In an April 4 report, RiskMetrics Group’s ISS
Governance Services recommended that shareholders support a campaign
by the AFSCME Pension Plan and the CtW Investment Group to vote at the
April 15 annual meeting to throw out all the directors on the board
finance committee. The proxy voting service also called for
shareholders to support the installation of an independent chairman and
for the requirement that directors get a majority of the vote for
election to the board.
The RiskMetrics report also questioned
Killinger’s continued leadership. “Given the magnitude of the company’s
losses and recent changes in the executive suites at Citigroup and
Merrill Lynch, we question why the board did not replace Mr. Killinger
as CEO, particularly given the critical strategic decisions that the
company still faces.” Washington Mutual decided in 2006 to focus its
mortgage business increasingly on higher-margin products, despite the
recognition by analysts of the risk “inherent in the mortgage
franchise.”
These higher-margin products include option payment adjustable rate
mortgages, alt-A loans and below prime loans. These higher-margin loans
also are riskier.
Among the largest U.S. mortgage lenders that year, Washington Mutual
also made the highest proportion of loans to real estate investors and
second-home buyers. Such loans are considered especially risky.
Not
only did Washington Mutual increase lending to risky borrowers, it may
have done so in questionable ways. Last November, New York Attorney
General Andrew Cuomo filed a lawsuit against eAppraiseIT, the appraisal
arm of First American Corp., alleging that it inflated the value of
homes nationwide in response to pressure from Washington Mutual. Cuomo’s
lawsuit also attracted the attention of the U.S. Securities and
Exchange Commission and the Office of Thrift Supervision.
Appraisals
ascribe a value to property that determines the amounts that banks are
willing to lend to the buyer. Mortgage brokers and lenders then collect
fees based on the dollar value of the loans they make to the buyer of
the property.
This means that in addition to its involvement in
what is possibly illegal activity, Washington Mutual has a mortgage
loan portfolio of lower quality than previously thought to be the case.

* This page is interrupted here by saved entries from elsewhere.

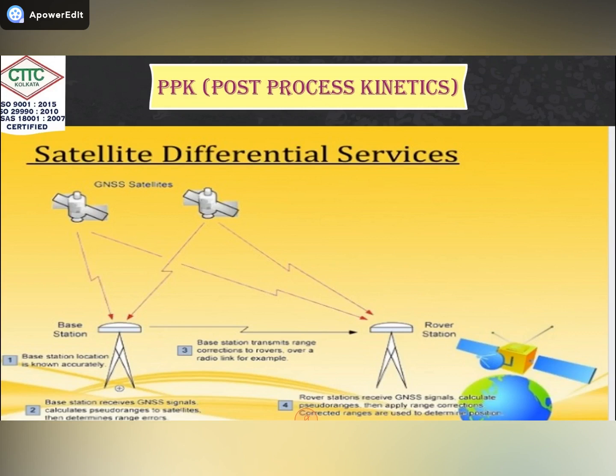DGPS works completely on the basis of the range principle. The range principle is: range equals time taken multiplied by the speed of light. Time taken means the time elapsed to connect to the satellite, which varies from 0.05 seconds to 1 minute. The speed of light is 3 × 10⁸ meters per second.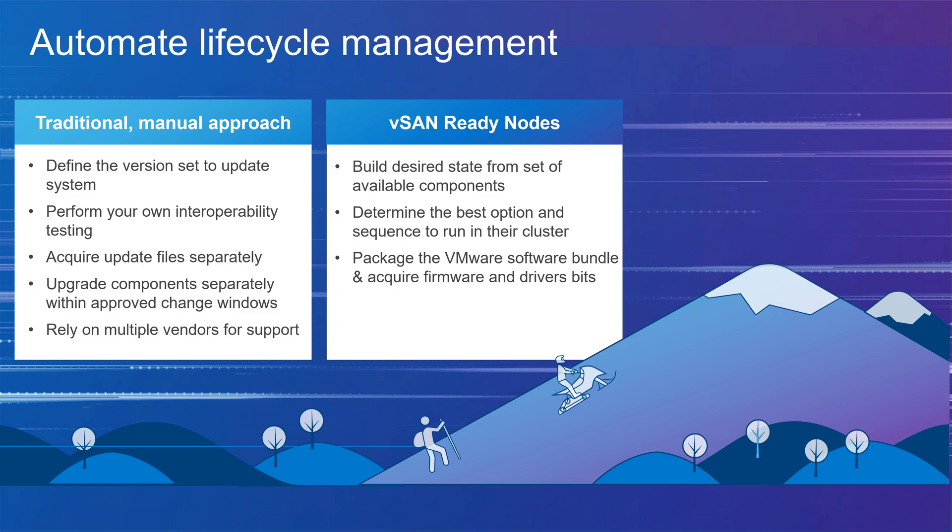Most HCI solutions like vSphere ReadyNodes provide various levels of automation across the stack to help accelerate upgrades, enabling you to perform firmware upgrades on your hardware configuration along with virtualization software such as vSphere and vSAN. This results in valuable time savings, but it is still up to you to make sure everything is on the right path and there are no obstacles in the way.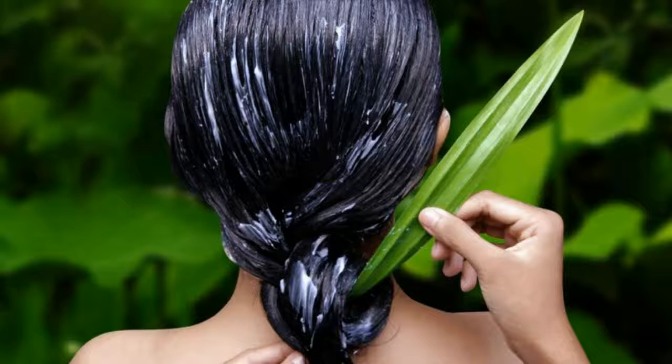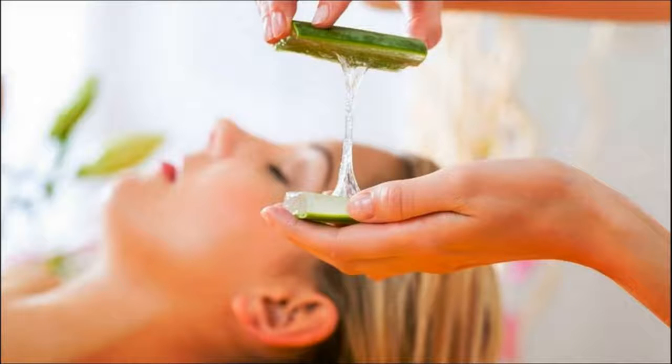Aloe vera with a pH of 4.5 helps to close the hair cuticles, which aids in controlling the frizz. Blend aloe vera and water in a small bowl with a spoon. Pour this in a spray bottle and shake it gently, then add essential oil and shake it again. You can spray it in your hair when you find it unmanageable.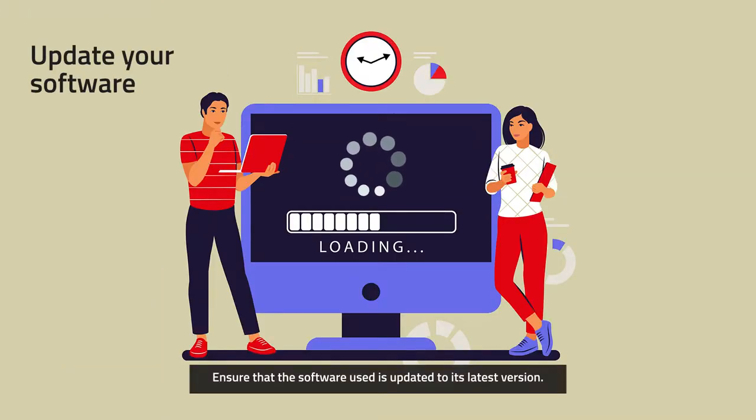Tip 1: Update your software. Ensure that the software used is updated to its latest version.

The company now faces a higher risk of credit losses as homeowners are
stuck with homes whose true value is much less than they thought and
with mortgages they can’t pay.
Washington Mutual’s aggressive
lending practices began to reveal their true value when losses began to
mount. The company reported a $1.87 billion loss in the fourth quarter
of 2007.
Moody’s Investors Service cut the company’s credit rating to a notch
above “junk.” The lower credit rating indicates that investing in
Washington Mutual is considered to carry a higher risk than before. Toward the end of 2007, the company announced it would lay off 3,300 of its 50,000 workers.
Instead
of properly monitoring risk, Washington Mutual has followed lending
practices that make risk more difficult to identify and structured
management’s compensation to sidestep the consequences, a scary
proposition considering that further write-downs are expected.
According to some estimates, the company will need $8 billion to cover
borrowers who can’t afford their mortgage payments, although Moody’s
estimated that the company might need as much as $12 billion.
And
what if Washington Mutual goes the way of Bear Stearns or Countrywide?
Killinger should have no worries, with a golden parachute worth more
than $22 million, if he is terminated before a change in control."